## Task prompt
Any picture in the listing is left out of the copy; all else is duplicated exactly.

## Input data
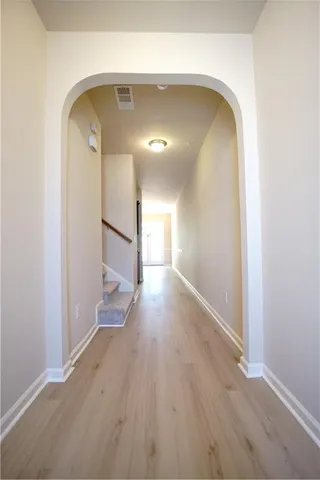 a view of entryway with wooden floor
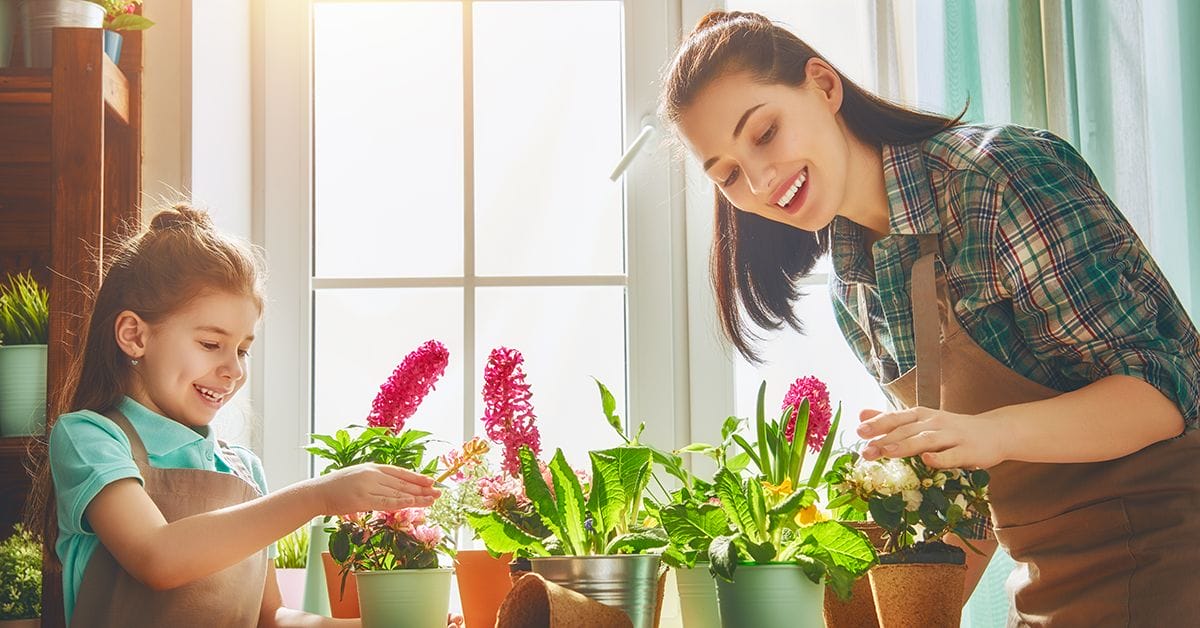 A mother and daughter celebrate the earth in their energy efficient home. Norfleet builds energy efficient homes because we believe in protecting our environment.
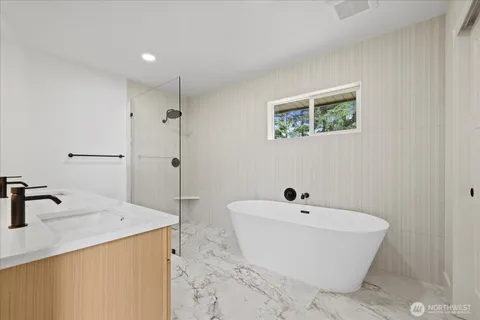 a white bath tub sitting in a bathroom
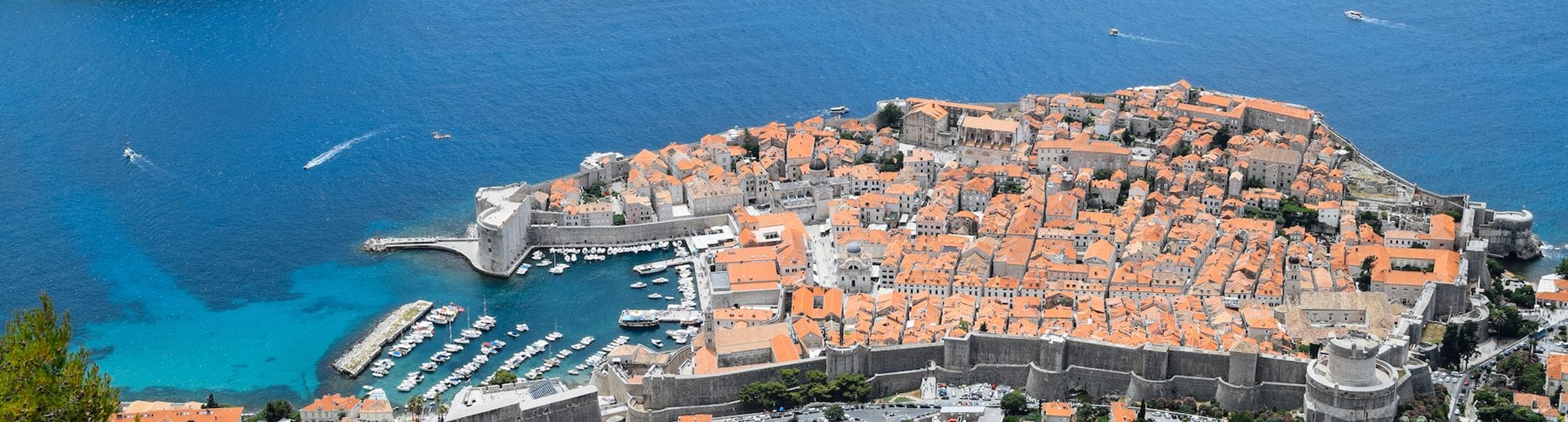 Captivating view of the Dubrovnik sailing route in Croatia – A yacht cruising the azure waters of the Adriatic Sea, with the historic city of Dubrovnik and its iconic city walls and red-roofed buildings set against a dramatic coastal backdrop.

## Answer for this exercise
 a view of entryway with wooden floor
 A mother and daughter celebrate the earth in their energy efficient home. Norfleet builds energy efficient homes because we believe in protecting our environment.
 a white bath tub sitting in a bathroom
 Captivating view of the Dubrovnik sailing route in Croatia – A yacht cruising the azure waters of the Adriatic Sea, with the historic city of Dubrovnik and its iconic city walls and red-roofed buildings set against a dramatic coastal backdrop.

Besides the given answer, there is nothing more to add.